The measure, a re-authorization of the Elementary and Secondary Education Act, was signed into law by Bush in 2001. It required all public schools receiving federal funds to administer a statewide standardized test each year to all students and show progress in successive years. Schools that repeatedly failed to meet that standard were forced to make major changes, including offering students extra help, extending classroom hours and, when necessary, replacing teachers and staff.
"Beginning in the 1990s, many states, including the greatest state – that being Texas – lost patience with the pace of change," said Bush, whose family is from the Lone Star state. "These reform efforts gathered into a national accountability movement and culminated in the bipartisan effort called No Child Left Behind. It is a rare kind of issue that could unite (late Senator) Ted Kennedy, me, and (Democratic Congressman) George Miller... We found common ground: Schools must demonstrate improved results on reading and math for minority children – or face consequences if they don't. It is hard to imagine that anything so basic could be so controversial. It was, and it still is."

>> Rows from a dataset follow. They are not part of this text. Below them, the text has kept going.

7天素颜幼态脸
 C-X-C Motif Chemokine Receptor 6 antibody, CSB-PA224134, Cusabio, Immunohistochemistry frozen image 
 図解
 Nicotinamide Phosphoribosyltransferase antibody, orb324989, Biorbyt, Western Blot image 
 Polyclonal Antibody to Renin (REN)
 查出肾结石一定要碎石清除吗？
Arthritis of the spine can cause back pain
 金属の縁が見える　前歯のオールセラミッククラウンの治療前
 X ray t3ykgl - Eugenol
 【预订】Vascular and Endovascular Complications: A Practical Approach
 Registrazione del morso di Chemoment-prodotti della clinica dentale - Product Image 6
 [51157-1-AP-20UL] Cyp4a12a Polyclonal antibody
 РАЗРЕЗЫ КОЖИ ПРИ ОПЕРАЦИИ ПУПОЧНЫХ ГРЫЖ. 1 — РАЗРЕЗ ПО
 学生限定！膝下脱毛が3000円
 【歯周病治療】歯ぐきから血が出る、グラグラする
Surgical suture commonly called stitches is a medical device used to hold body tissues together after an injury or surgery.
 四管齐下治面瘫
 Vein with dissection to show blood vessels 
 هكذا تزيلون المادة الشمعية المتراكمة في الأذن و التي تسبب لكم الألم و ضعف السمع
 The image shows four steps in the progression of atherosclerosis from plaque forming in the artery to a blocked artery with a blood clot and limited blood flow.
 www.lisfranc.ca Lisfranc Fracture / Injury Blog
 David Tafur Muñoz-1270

The No Child Left Behind Act expired on Sept. 30, 2007, though there is still pressure to renew it.
Critics of the controversial law said it encouraged instructors to teach to the test rather than provide an all-round quality education and made new demands on schools without providing additional funding. Opponents, including former U. S. Senator Carol Mosely Braun of Illinois, mocked the No Child Left Behind law by calling it, "No Child Left With a Behind."
In an apparent nod to his critics, Bush acknowledged, "No law is perfect. Every legislative instrument eventually requires adjustment. But the problem comes when people start to give up on the goal. Some have ideological objections to any federal role in education. Some are too comfortable with the status quo. The alliance between ideology and complacency seems to be getting stronger. I fear that the soft bigotry of low expectations is returning. And for the sake of America's children, that is something we cannot allow. "
And for the sake of children of color, Bush said, education must remain a top priority.
"It is not a coincidence that many of the defining struggles of the civil rights era – from Little Rock Central (High School) to the University of Mississippi – took place in educational settings. Those who engage in oppression and exploitation always deny real learning. Those who fight oppression always insist on equal education. Through civil rights laws, we assure justice in the present. Through education, we secure justice for the next generation," Bush said.
"King knew this. He called education 'the road to equality and citizenship.' Both these destinations are very important. Education provides the skills necessary to expand horizons and allow for economic success. Education also exposes young men and women to the great ideals of our heritage – liberty and responsibility, participation and patriotism. And in so doing we secure our democratic way of life."
Unlike President Obama and former presidents Carter and Clinton, Bush made no mention of the Great Society, President Johnson's signature social legislation that included the creation of Medicare, Medicaid and Head Start.
Throughout his career as governor of Texas and as president, Bush has been generally critical of such programs. In his speech, Bush decided to focus on Johnson's contributions to education rather than areas where their policies differed.
Bush said, "During the last 50 years, educational progress has been generally positive – but completely insufficient. Education in America is no longer legally separate, but it is still not effectively equal. Quality education for everyone, of every background, remains one of the most urgent civil rights issues of our time."